▶ _EXERCISE DESCRIPTION_: Print the listing exactly as it stands. Skip every picture.

▶ _GIVEN DATA_:
※ ※ ※

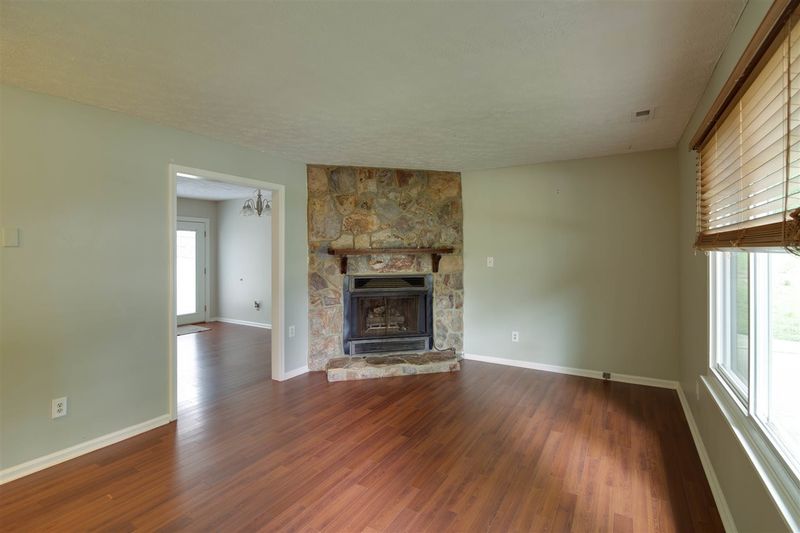 2321 Sierra Dr, Raleigh, NC 27603
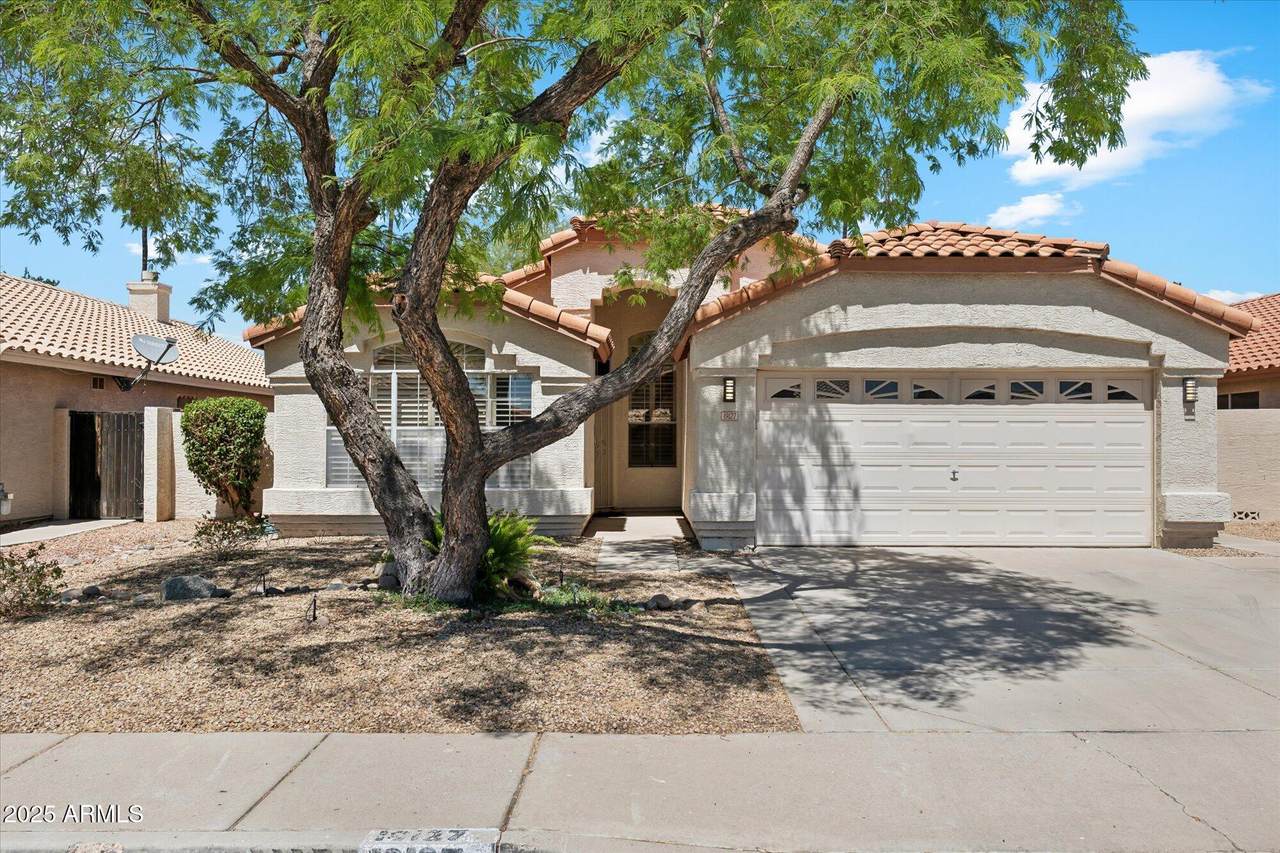 19127 79TH Drive - Photo 1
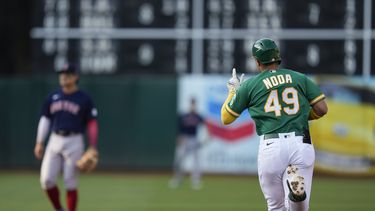 Ryan Noda, de los Atléticos de Oakland, recorre las bases luego de conectar un jonrón ante los Medias Rojas de Boston, el martes 18 de julio de 2023 (AP Foto/Godofredo A. Vásquez)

※ ※ ※

▶ _OUTPUT_:
 2321 Sierra Dr, Raleigh, NC 27603
 19127 79TH Drive - Photo 1
 Ryan Noda, de los Atléticos de Oakland, recorre las bases luego de conectar un jonrón ante los Medias Rojas de Boston, el martes 18 de julio de 2023 (AP Foto/Godofredo A. Vásquez)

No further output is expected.